Records from a dataset
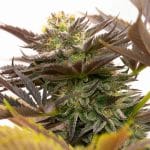 Do-si-Dos from Seed City Seeds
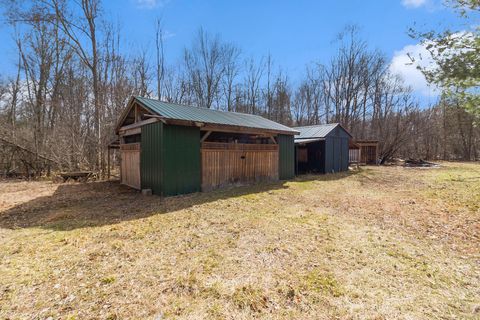 A home in Colfax Twp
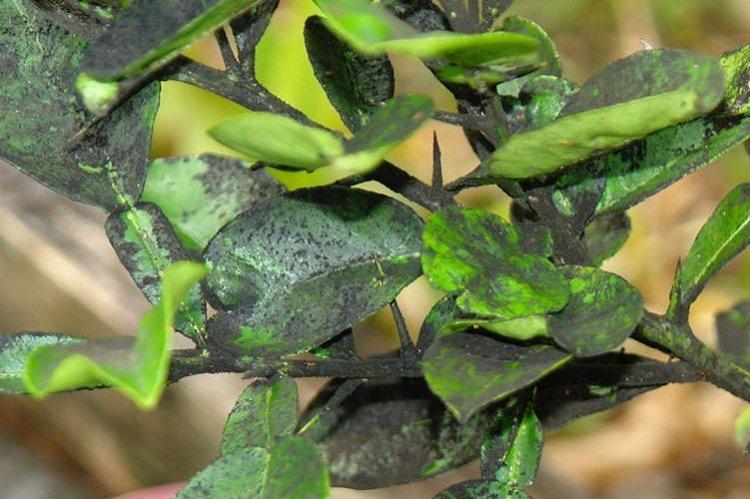 Les feuilles noircissent - Maladies des feuilles de prunier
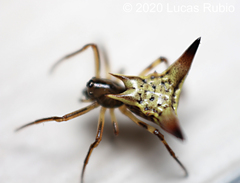 Micrathena annulata
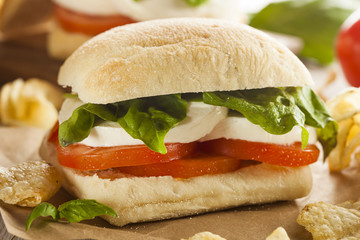 Organic Homemade Caprese Sandwich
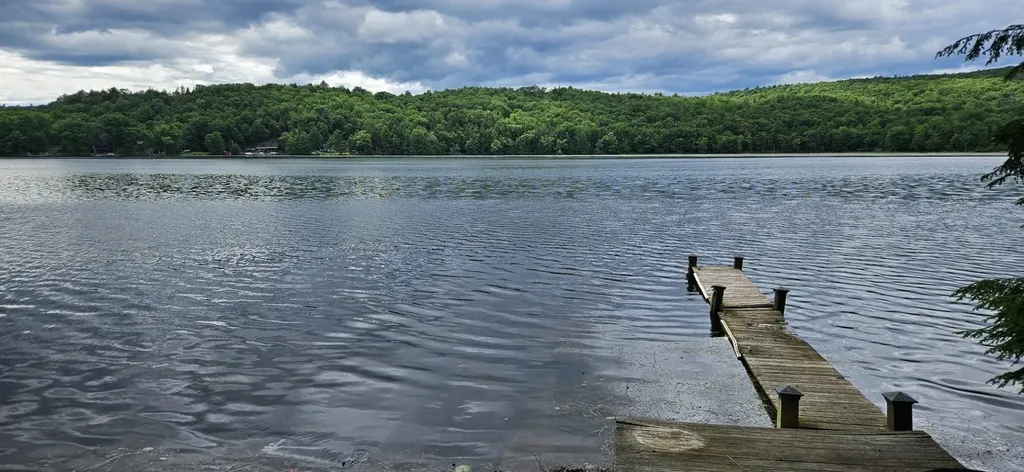 289 Ledgemere Point Hubbardton VT 05732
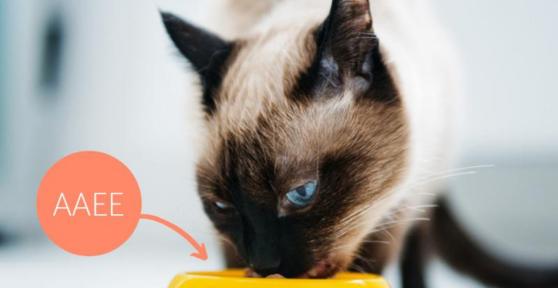 Essential Amino Acids for Cats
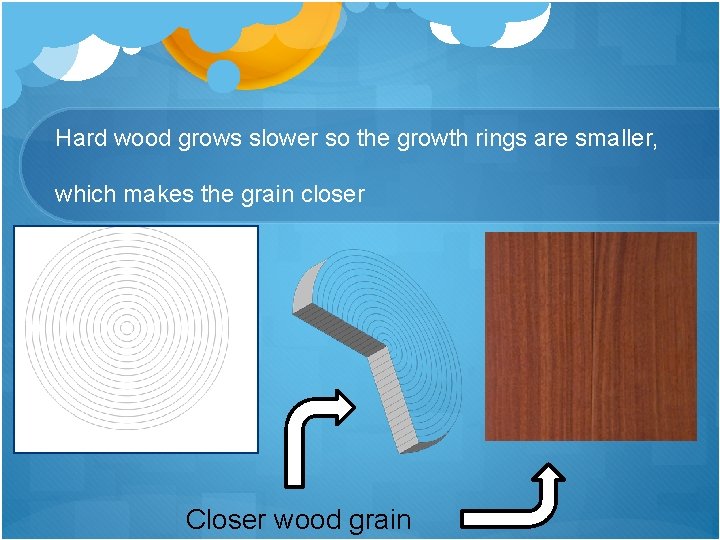 Hard wood grows slower so the growth rings are smaller, which makes the grain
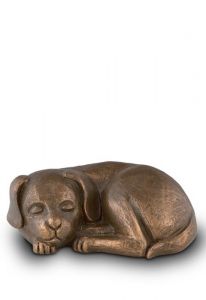 Hundeurne 'Schlafender Hund'  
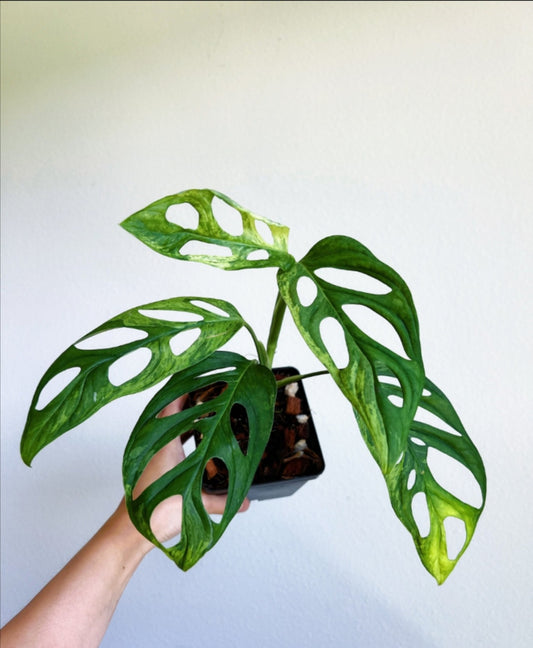 Monstera Adansonii Mint "4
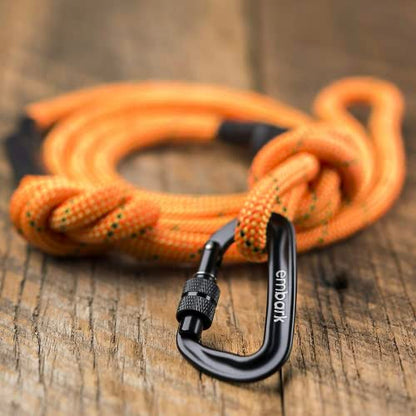 Embark Dog Leash - Heavy Duty Tough Nylon Training Lead for All Dog Breeds | Mountain Climbing Rope with Heavy Duty Locking Carabiner - Strong & Durable Nylon Pet Leash - 6 FT - Orange - color: Orange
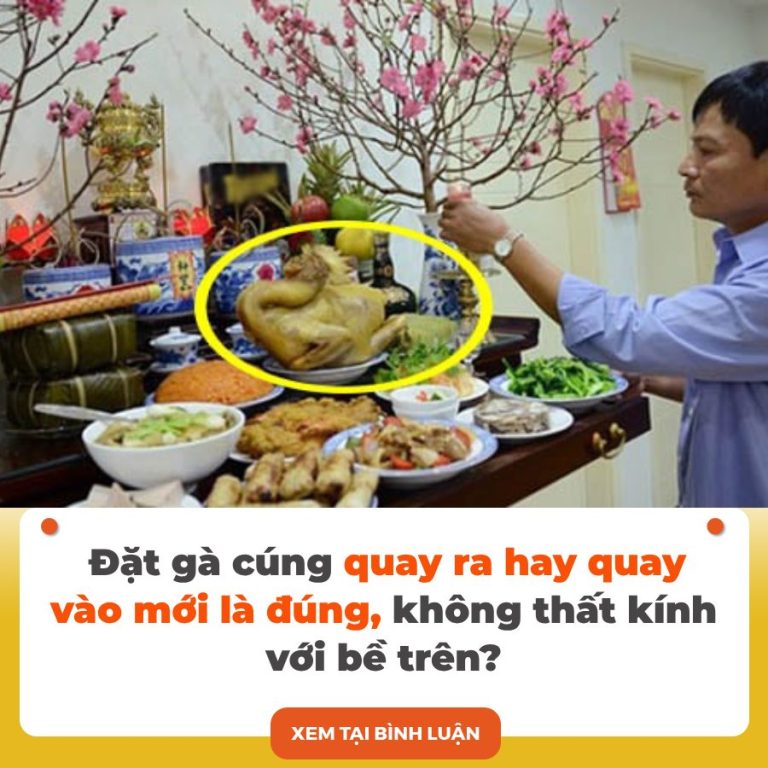 Đặt gà cúng quay ra hay quay vào mới là đúng, không thất kính với bề trên?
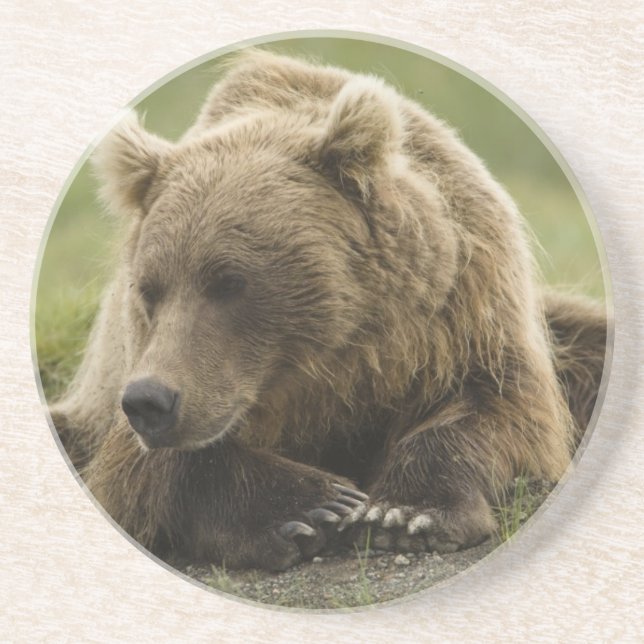 Dessous De Verre En Grès Ours brun, ou Grizzly côtier, Ursus (Devant)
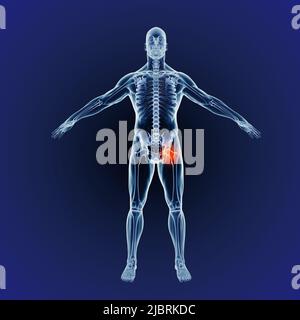 Human anatomy. Set of vector illustration isolated on white background.  Human body structure: skeleton and circulatory vascular system Stock Photo  - Alamy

■ WORK TASK:
Only the lines above starting with the line with "Organic Homemade Caprese Sandwich" and going on through the line with "Dessous De Verre" belong in the answer; repeat them exactly, minus any picture.

■ RESULT FOR THIS EXERCISE:
 Organic Homemade Caprese Sandwich
 289 Ledgemere Point Hubbardton VT 05732
 Essential Amino Acids for Cats
 Hard wood grows slower so the growth rings are smaller, which makes the grain
 Hundeurne 'Schlafender Hund'  
 Monstera Adansonii Mint "4
 Embark Dog Leash - Heavy Duty Tough Nylon Training Lead for All Dog Breeds | Mountain Climbing Rope with Heavy Duty Locking Carabiner - Strong & Durable Nylon Pet Leash - 6 FT - Orange - color: Orange
 Đặt gà cúng quay ra hay quay vào mới là đúng, không thất kính với bề trên?
 Dessous De Verre En Grès Ours brun, ou Grizzly côtier, Ursus (Devant)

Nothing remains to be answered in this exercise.